### INSTRUCTIONS FOR THE TASK
Pictures in the entries below are excluded; copy only the lines from the one containing "IRREGULAR CHOICE LACE-UP PUMPS" to the one containing "bonnet en satin soin capillaire", both included.

### INFORMATION
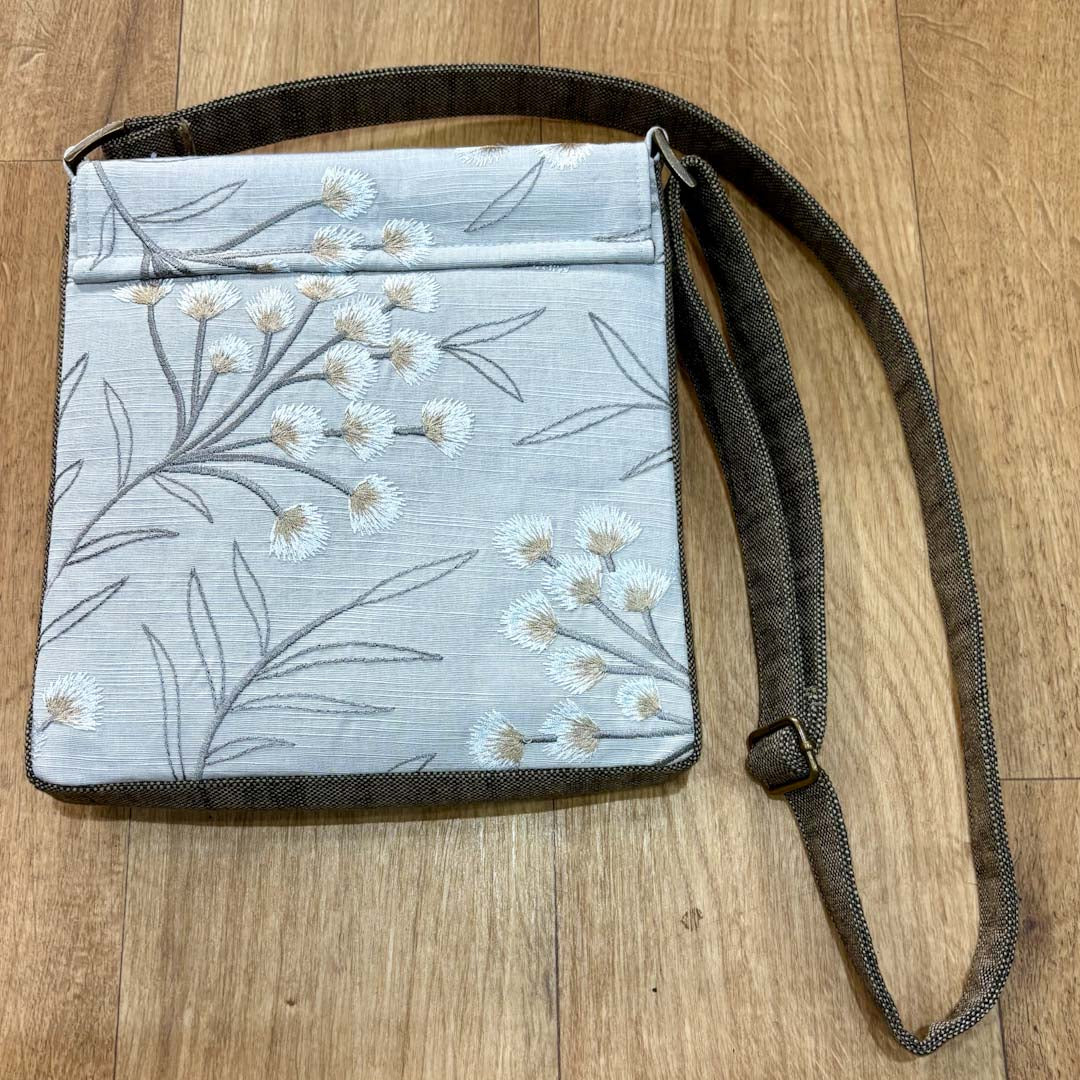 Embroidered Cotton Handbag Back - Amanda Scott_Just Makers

--

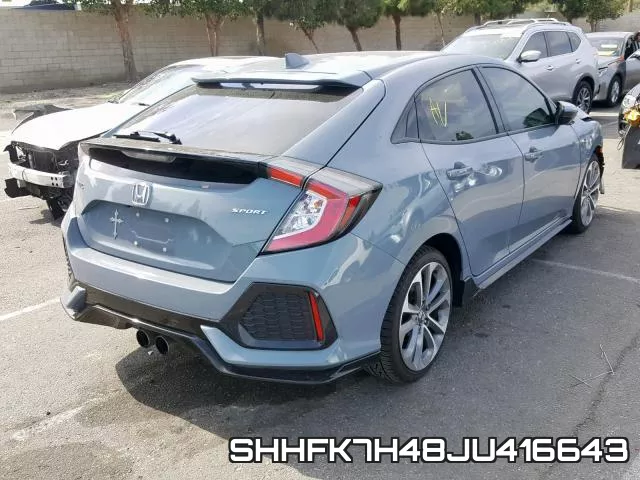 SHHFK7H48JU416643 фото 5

...

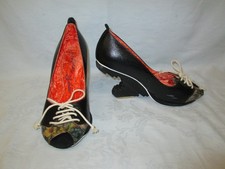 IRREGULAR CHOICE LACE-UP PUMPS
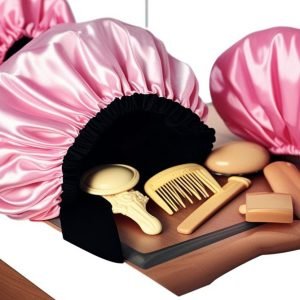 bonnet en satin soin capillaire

### WRITTEN SOLUTION
 IRREGULAR CHOICE LACE-UP PUMPS
 bonnet en satin soin capillaire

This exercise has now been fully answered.